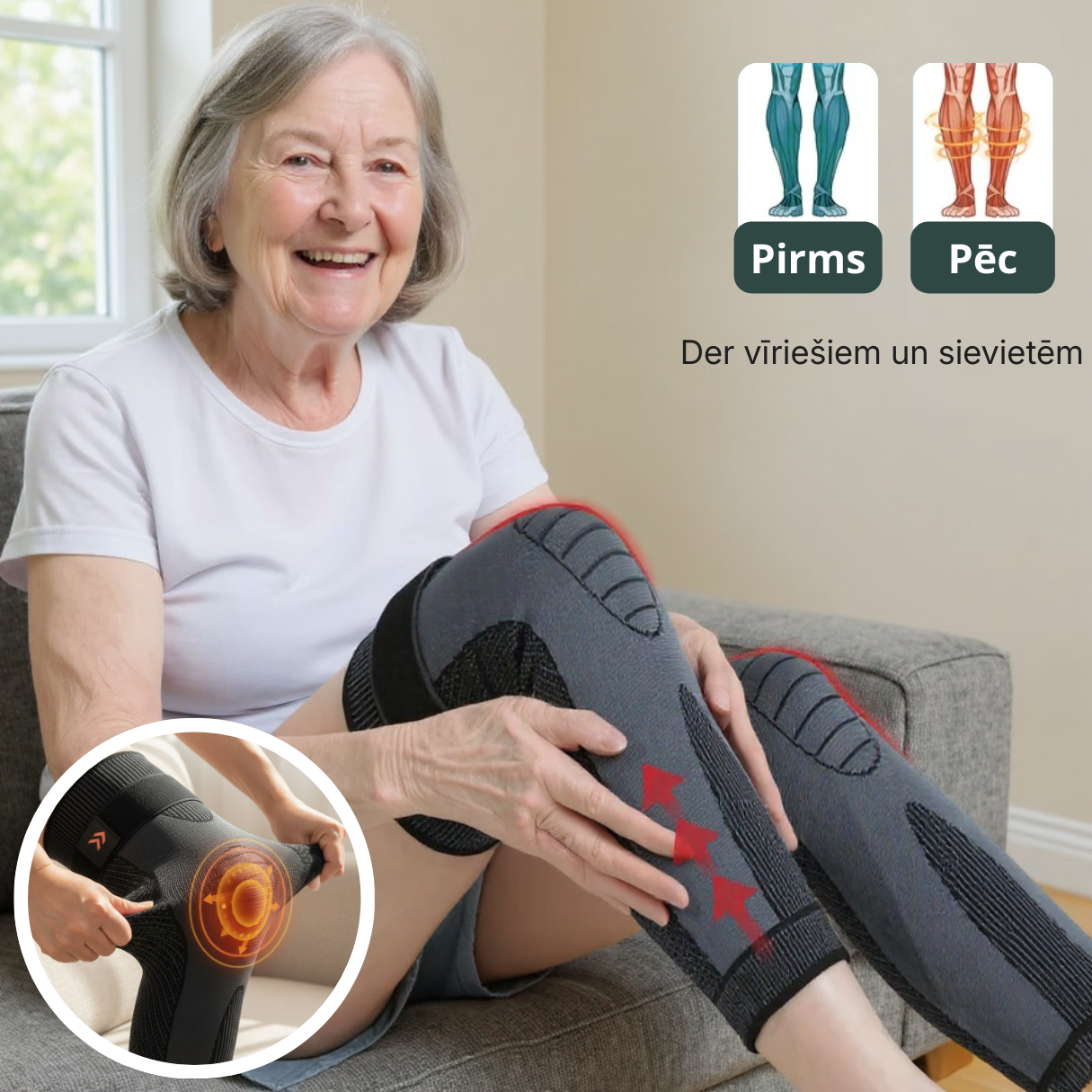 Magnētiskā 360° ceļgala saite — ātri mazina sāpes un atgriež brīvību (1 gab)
****************
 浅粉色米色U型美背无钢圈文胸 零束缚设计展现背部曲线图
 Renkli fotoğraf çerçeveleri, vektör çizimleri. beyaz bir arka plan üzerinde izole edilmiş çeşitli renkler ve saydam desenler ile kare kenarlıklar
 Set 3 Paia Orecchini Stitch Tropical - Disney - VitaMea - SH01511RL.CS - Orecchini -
****************
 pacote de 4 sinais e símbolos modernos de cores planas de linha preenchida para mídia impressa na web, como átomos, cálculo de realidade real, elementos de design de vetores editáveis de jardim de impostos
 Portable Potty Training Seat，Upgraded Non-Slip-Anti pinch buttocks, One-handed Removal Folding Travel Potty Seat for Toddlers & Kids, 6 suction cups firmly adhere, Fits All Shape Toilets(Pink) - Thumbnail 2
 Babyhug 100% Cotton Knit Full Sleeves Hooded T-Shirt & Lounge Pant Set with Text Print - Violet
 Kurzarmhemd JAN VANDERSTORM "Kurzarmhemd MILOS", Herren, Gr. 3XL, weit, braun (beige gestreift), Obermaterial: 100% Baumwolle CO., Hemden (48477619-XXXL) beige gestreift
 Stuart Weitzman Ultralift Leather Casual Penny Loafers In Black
****************
EXERCISE: Within the data above, the span starting at the line containing "Kurzarmhemd JAN VANDERSTORM" and ending at the line containing "Stuart Weitzman Ultralift" is to be retyped exactly, with no other lines.

OUTPUT FOR THIS EXERCISE:
 Kurzarmhemd JAN VANDERSTORM "Kurzarmhemd MILOS", Herren, Gr. 3XL, weit, braun (beige gestreift), Obermaterial: 100% Baumwolle CO., Hemden (48477619-XXXL) beige gestreift
 Stuart Weitzman Ultralift Leather Casual Penny Loafers In Black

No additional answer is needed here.